Logo Polskiego Radia
POSŁUCHAJ
Trójka
Agnieszka Kamińska 17.05.2012

Rosjanie w Bristolu: "nieszczęśliwy wybór"

Szef Biura Bezpieczeństwa Narodowego Stanisław Koziej mówi, że nie widać na razie zagrożeń przed Euro 2012. Tylko Rosjanie źle wybrali hotel.
Stanisław KoziejStanisław Koziejfot. PRSA

Szef BBN Stanisław Koziej zapewniał w Trójce, że służby są przygotowane. Czy kwestia ataku terrorystycznego była brana pod uwagę? Gość "Trójki” mówi, że to nie jest pierwszorzędne zagrożenie, ale jest to brane w ramach contingency planning, planowania ewentualnościowego. Dodał, że gdyby na przykład trafiła się powódź, to może spowodować problemy.

Problemem innego rodzaju jest fakt, że reprezentacja Rosji będzie mieszkać w hotelu Bristol, w okolicach którego regularnie dochodzi do zgromadzeń (na przykład dotyczących sprawy smoleńskiej). - Niezbyt szczęśliwie wybrano miejsce pobytu reprezentacji rosyjskiej – ocenił Koziej. Dodał, że Rosjanie, którzy wynajmowali hotel, zapewne nie wszystko wzięli pod uwagę.

Szef MSW Jacek Cichocki powiedział w środę, że Rosja zdaje sobie sprawę z zagrożenia i zaproponowano jej pewne rozwiązania. Jakie? – To pewnie musi pozostać tajemnicą – mówił Koziej. Dodał, że Rosjanie muszą mieć świadomość ryzyka i uwzględniać je w swoich planach. Szczegółów operacyjnych nie będzie ujawniać.

Szef BBN przyznał, że niepokojące są zapowiedzi demonstracji w czasie Euro 2012. Protesty w czasie Euro 2012 skomplikowałyby bezpieczeństwo, zakłóciłoby imprezę. Stanisław Koziej nie wyobraża sobie jednak, że ktokolwiek z organizatorów wziąłby na siebie odpowiedzialność za takie akcje. W jego ocenie, gdyby podczas Euro miało dojść do blokad, służby powinny działać prewencyjnie.

Szczyt Sojuszu

Szczyt NATO w Chicago odbędzie się w dniach 20 -21 maja.
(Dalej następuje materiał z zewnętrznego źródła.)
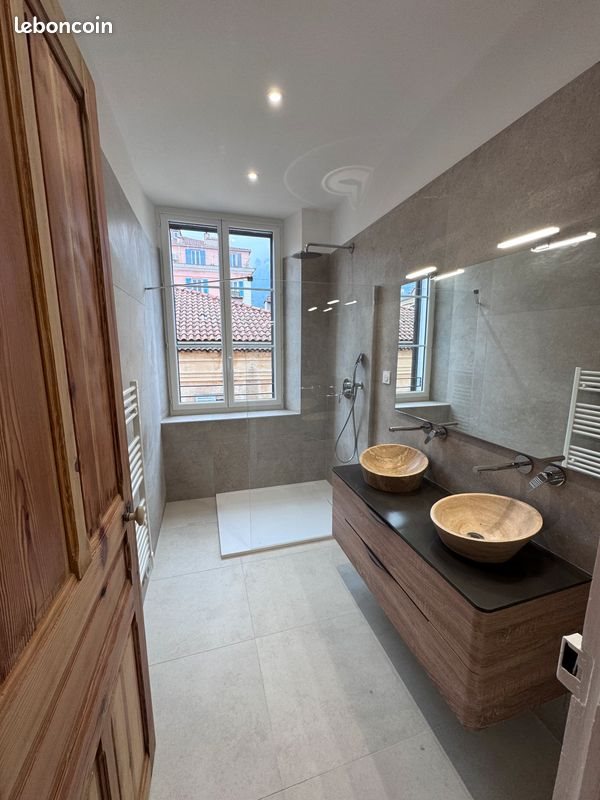 Appartement à louer, 125m², Corte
Według Kozieja nie będzie to przełomowy szczyt, ale wyzwań jest wiele. To na przykład Afganistan. Sojusz musi potwierdzić determinację, w sprawie realizacji strategii zakładającej wyjście z Afganistanu w 2014 roku. Stanisław Koziej wyjaśnił, że pojawiają się głosy, że można ją „poluzować”. Część ekspertów uważa na przykład że oddziały wojskowe powinny opuścić misję po spełnieniu określonych warunków, a nie w określonym terminie.

Koziej mówi, że Polska jest przeciw prowadzeniu misji bojowej po 2014 roku. Uważa, że NATO powinno tylko wspierać siły afgańskie, wojsko i służby, tak by państwo dobrze funkcjonowało. Chodzi więc o pomoc doradczą, szkoleniową i finansową. W tej ostatniej sprawie – finansów - zapewne jeszcze teraz decyzje nie zapadną.